Crowdstrike Outage - thoughts about updates
Crowdstrike issued a problematic update that impacted about 8.5 million Windows computers sending them into a Blue Screen Of Death and taking down millions of vital systems worldwide including airlines and 911 call centers.
Shortly after the CrowdStrike incident happened, the Cybersecurity and Privacy Institute at University of Waterloo helped publish an article on “Human factors of security and cybersecurity professor at University of Waterloo reflects on CrowdStrike global tech outage” by Kami Vaniea (me) and Regina Ashna Singh.
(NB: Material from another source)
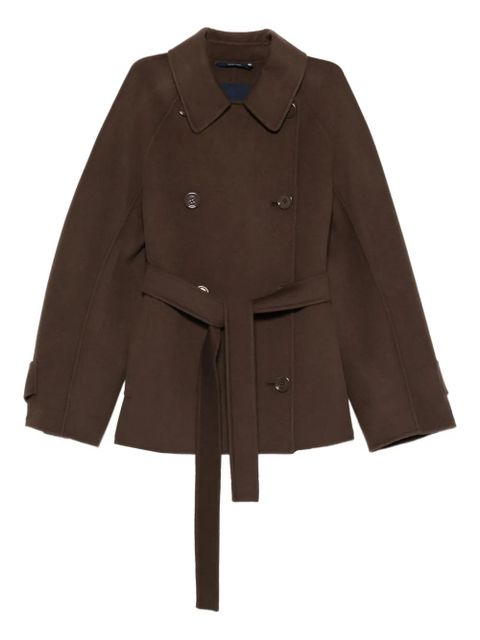 Max Mara Louise peacoat - Brown - zdjęcie produktu nr 1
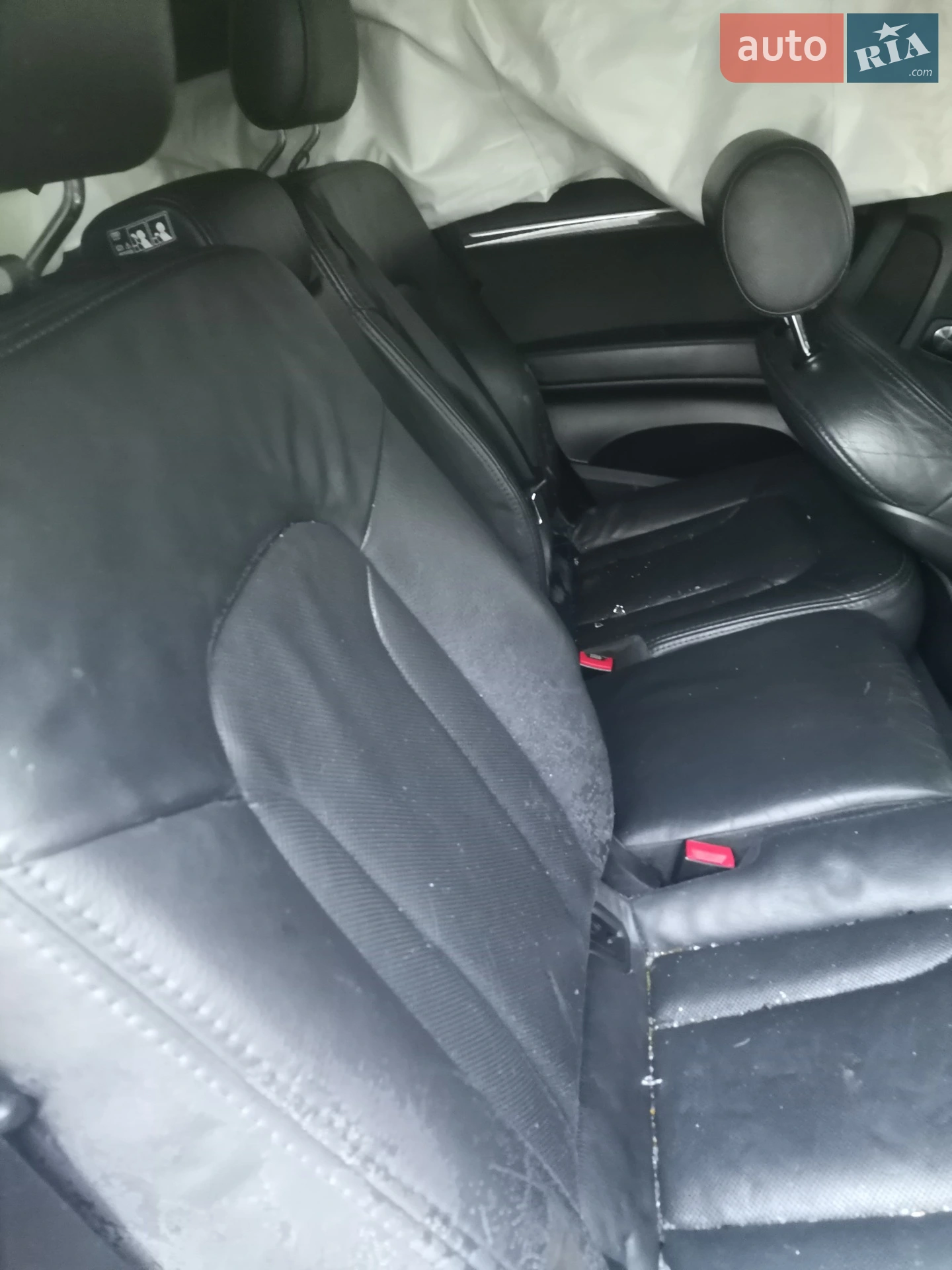 2010 Audi Q7 - мініатюра 4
Below is my more detailed views.
At its core the Crowdstrike outage happened because two related issues were not handled well: testing and update management.
What happened
Normally when software needs to be changed, the vendor creates an update, tests it and release it for other people to install. Large organizations that depend on software running correctly typically conduct further tests on the new update before installing it on their systems. Airlines, for example, have dedicated test machines they will install the update on first to make sure it is working. Even then they will likely also do “staged deployment” which means they will update the least critical computers first, make sure everything is operating as expected, and then update the more critical computers. These tests are done because even assuming the original software vendor did an excellent job of testing, the large organization may have specialized software installed that also needs to be tested against.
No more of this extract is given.